Rural Development. A new Rural Development Administration (RDA) within USDA is authorized which would dispense money as well as encouragement and technical assistance to rural communities. The RDA would take over some of the responsibilities formerly held by the Farmers Home Administration. These include handling water, sewer, other community facilities and business and industrial loans and grant programs. FmHA would continue farm lending programs.

A Rural Development Pilot Program is established. Under this program, state panels would set priorities for ap­plications for federal financing of rural development projects. A revolving rural development loan program is authorized and will be partly funded by federal contributions. The loan fund would be set up by states with private lender participation.

The Bill provides for linking rural schools, hospitals, and clinics to urban institutions so that students or rural medical technicians may receive instruction by TV.

Commodity Promotion Program. Producers of certain crops will be assessed to support research and promotion programs. Assessments are authorized for soybeans, pecans, mushrooms and limes. The program for soybeans will affect Indiana soybean producers. The nationwide soybean check­off would operate for 18 to 36 months before any referendum would be held. The national check-off of one-half percent of value or about three cents per bushel is expected to raise $60 million a year. During the initial mandatory check-off period, producers may request a refund of their contributions. After the trial period, growers will be polled to determine whether they want a referendum to determine whether refunds should be permitted in the future.

Research and Extension. Funding for agricultural research and extension under a competitive grant system is authorized to expand from $70 million to $500 million a year. The increase is subject to annual appropriations and is in response to recommendations made by a National Academy of Science panel.

Research and extension activities would be expanded to encourage environmentally sound farm production practices, focusing on sustainable agriculture. The authorization includes $40 million for low-input research, $20 million for integrated resource management and $20 million to train and educate producers.

Conclusions

Details on the 1990 commodity programs are yet to be released. When details are available, producers will need to evaluate participation in the programs for 1991. One thing is clear: program payments will decline over the next five years. Deficiency payments will not be made on the 15 percent of base acres which may be planted to alternative crops and by 1994 deficiency payment calculations will be based on the average price over the marketing year rather than the first five months of that year.

Given current wheat prices and prospects for prices in 1991, those who plant wheat will have stronger economic incentives to participate in the wheat program than those who plant com and need to decide on participation in the com program. Some farmers are likely to plant soybeans on their triple base acres.

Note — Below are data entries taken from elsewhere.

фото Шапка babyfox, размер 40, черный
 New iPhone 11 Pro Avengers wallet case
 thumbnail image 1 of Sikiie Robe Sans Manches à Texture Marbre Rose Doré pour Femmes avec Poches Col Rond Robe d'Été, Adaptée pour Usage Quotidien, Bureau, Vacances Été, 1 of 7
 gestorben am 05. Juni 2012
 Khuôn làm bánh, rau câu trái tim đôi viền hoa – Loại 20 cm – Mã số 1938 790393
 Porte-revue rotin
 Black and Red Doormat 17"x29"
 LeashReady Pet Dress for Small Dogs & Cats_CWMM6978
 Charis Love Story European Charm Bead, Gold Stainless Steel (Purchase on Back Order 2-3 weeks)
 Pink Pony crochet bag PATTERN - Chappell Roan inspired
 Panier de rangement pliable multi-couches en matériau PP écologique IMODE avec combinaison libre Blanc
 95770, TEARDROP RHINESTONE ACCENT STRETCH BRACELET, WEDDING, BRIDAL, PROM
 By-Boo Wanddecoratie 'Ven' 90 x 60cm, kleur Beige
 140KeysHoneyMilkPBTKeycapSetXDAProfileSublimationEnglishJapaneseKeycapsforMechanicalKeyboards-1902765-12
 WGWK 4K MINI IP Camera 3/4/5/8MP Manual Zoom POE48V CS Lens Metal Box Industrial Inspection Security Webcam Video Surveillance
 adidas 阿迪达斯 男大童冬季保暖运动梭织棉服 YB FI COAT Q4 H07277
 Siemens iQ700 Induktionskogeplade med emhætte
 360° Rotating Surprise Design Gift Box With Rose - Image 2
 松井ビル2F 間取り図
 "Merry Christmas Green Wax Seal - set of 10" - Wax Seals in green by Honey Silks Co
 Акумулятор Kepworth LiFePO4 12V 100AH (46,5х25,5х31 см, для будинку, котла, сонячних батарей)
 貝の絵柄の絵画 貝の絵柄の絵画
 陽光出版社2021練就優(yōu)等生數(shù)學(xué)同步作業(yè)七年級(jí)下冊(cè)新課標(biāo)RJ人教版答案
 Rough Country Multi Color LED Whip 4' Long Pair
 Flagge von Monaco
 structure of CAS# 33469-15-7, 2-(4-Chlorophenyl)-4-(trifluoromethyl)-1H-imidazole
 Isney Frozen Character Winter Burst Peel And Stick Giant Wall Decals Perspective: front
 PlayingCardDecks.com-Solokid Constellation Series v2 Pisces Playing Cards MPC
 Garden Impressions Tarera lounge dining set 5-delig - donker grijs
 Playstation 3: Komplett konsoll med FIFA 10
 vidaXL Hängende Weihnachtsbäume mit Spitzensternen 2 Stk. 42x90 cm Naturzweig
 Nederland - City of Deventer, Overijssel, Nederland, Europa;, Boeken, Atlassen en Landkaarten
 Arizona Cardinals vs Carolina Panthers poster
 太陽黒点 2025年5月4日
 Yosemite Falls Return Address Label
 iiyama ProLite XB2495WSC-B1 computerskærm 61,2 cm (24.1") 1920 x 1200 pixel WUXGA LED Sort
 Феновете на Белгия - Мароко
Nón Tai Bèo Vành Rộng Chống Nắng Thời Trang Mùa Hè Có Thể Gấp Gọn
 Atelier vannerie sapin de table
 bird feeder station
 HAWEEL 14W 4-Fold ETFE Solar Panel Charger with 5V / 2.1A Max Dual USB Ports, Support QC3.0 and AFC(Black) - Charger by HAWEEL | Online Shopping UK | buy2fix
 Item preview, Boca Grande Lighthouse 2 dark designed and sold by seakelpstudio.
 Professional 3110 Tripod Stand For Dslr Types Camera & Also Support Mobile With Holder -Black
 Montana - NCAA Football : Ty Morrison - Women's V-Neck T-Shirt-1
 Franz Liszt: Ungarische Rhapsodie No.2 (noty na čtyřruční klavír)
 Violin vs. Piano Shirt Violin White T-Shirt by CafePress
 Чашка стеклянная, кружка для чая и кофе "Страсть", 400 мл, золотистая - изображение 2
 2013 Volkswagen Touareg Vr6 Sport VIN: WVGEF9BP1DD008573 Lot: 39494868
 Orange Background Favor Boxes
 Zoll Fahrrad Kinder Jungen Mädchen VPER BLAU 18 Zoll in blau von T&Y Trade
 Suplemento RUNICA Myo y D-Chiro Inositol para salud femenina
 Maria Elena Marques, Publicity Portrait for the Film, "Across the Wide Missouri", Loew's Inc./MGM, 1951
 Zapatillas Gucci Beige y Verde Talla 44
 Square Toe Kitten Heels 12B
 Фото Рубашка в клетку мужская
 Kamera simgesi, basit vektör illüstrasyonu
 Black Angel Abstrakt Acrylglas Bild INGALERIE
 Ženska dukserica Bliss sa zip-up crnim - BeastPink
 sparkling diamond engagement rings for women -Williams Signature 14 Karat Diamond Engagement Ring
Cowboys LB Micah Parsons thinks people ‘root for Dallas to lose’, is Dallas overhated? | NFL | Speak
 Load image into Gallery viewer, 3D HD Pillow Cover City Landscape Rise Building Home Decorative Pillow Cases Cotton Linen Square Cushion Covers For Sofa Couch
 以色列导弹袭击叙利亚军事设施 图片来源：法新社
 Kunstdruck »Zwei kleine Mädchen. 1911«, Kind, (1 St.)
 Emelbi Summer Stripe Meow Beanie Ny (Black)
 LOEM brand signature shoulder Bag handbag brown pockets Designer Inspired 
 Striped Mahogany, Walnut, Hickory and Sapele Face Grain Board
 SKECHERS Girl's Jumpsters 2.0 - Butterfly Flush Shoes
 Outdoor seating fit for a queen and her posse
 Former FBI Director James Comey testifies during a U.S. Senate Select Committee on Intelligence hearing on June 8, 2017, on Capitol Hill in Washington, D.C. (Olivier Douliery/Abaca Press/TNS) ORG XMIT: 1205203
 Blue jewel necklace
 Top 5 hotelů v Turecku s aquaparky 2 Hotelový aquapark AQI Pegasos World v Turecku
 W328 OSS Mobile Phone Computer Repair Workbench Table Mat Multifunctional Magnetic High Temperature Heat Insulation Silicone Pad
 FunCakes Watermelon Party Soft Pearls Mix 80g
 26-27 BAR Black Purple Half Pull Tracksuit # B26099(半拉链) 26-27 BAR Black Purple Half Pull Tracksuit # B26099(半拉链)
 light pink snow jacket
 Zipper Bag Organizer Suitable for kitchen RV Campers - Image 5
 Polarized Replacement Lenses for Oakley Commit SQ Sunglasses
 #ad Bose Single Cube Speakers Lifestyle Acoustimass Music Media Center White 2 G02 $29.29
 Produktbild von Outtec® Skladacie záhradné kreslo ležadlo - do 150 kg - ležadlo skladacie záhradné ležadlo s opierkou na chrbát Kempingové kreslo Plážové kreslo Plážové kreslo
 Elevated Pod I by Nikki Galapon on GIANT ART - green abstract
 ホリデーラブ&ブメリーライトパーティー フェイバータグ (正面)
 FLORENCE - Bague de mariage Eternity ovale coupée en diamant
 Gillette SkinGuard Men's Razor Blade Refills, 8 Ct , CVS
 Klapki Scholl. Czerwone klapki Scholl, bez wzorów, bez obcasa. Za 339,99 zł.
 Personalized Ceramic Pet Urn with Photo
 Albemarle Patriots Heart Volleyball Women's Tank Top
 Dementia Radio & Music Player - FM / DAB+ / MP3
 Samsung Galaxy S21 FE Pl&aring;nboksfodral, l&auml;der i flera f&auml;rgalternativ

The outcome of current trade negotiations remains uncertain. Observers note the stiffening resistance in the European Community towards the reduction or removal of export subsidies, especially by the Germans. If no reduction is obtained, the United States may counter with increased use of the Export Enhancement Program. If an agreement is reached to reduce large export subsidies and internal price supports, changes in U.S. price support legislation in 1991 would probably be required. Because of the importance of exports to U.S. agriculture, farmers and other participants in the agricultural sector need to continually monitor the changing trade environment.